About this task — Reproduce the lines below exactly. Skip images.

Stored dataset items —
....

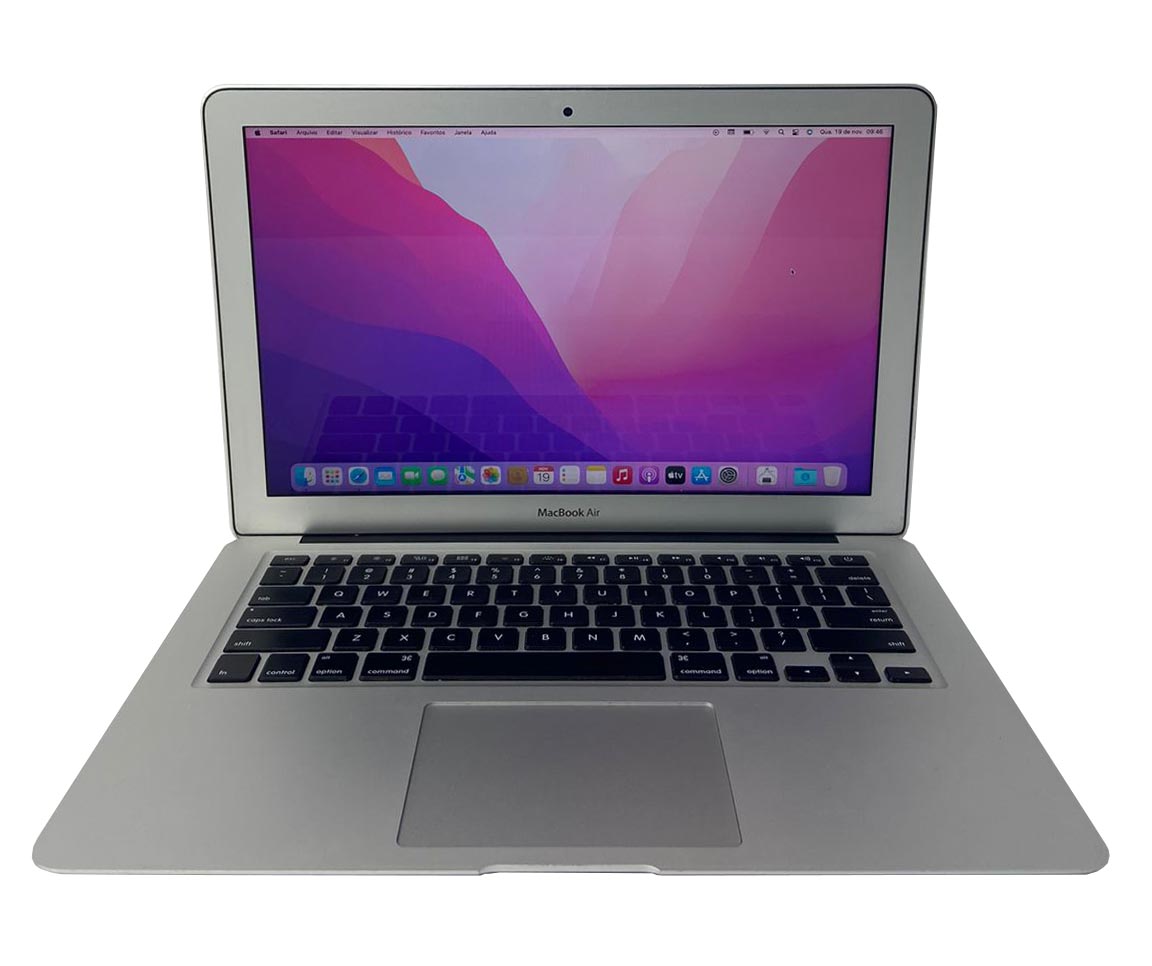 OTH PRODUTOS - MacBook Air MJVE2LL/A, Tela 13.3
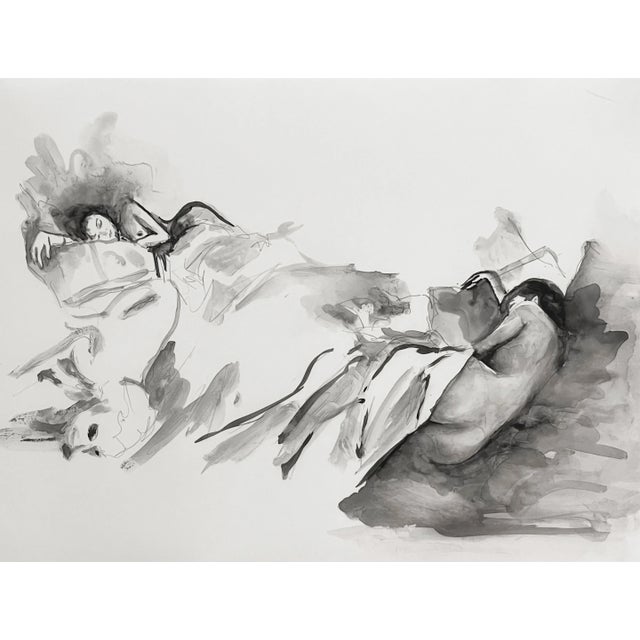 Fanyu Lin Home No.1 (Study for “Herselves Series”), 2023 Prints Edition of 25 9 x 12 inches Signed and dated Art-making is...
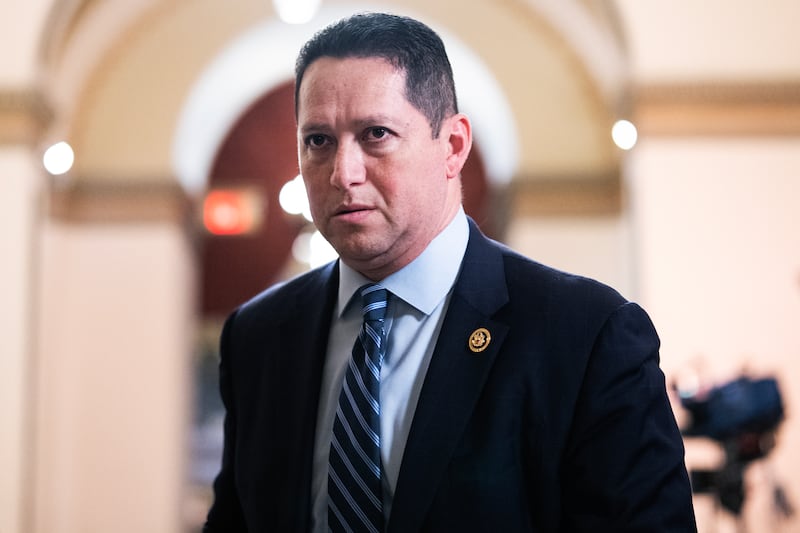 Rep. Tony Gonzales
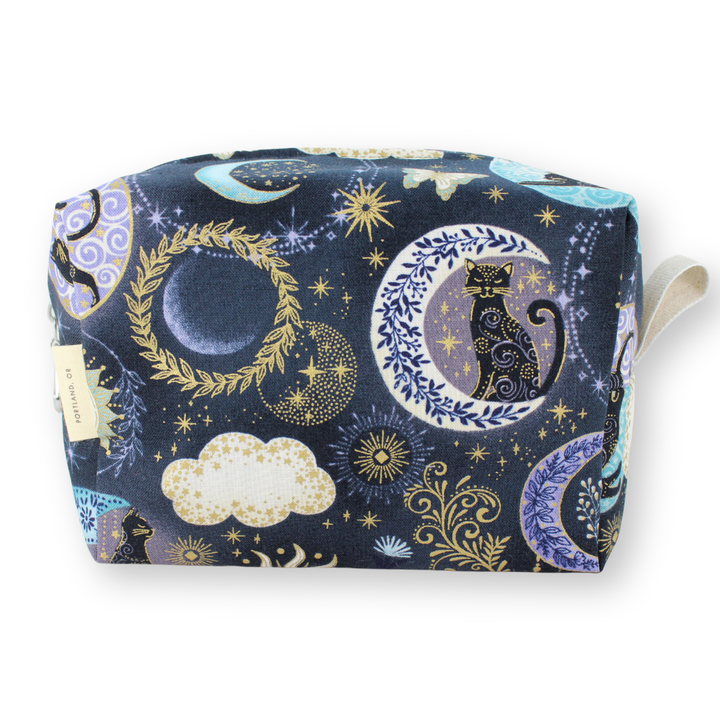 The Metallic Medium Dopp Kit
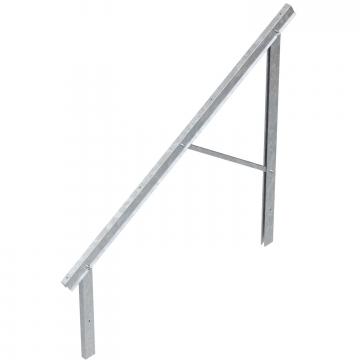 Support prémonté pour montage de module PV, surface libre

....

Answer to this task —
 OTH PRODUTOS - MacBook Air MJVE2LL/A, Tela 13.3
 Fanyu Lin Home No.1 (Study for “Herselves Series”), 2023 Prints Edition of 25 9 x 12 inches Signed and dated Art-making is...
 Rep. Tony Gonzales
 The Metallic Medium Dopp Kit
 Support prémonté pour montage de module PV, surface libre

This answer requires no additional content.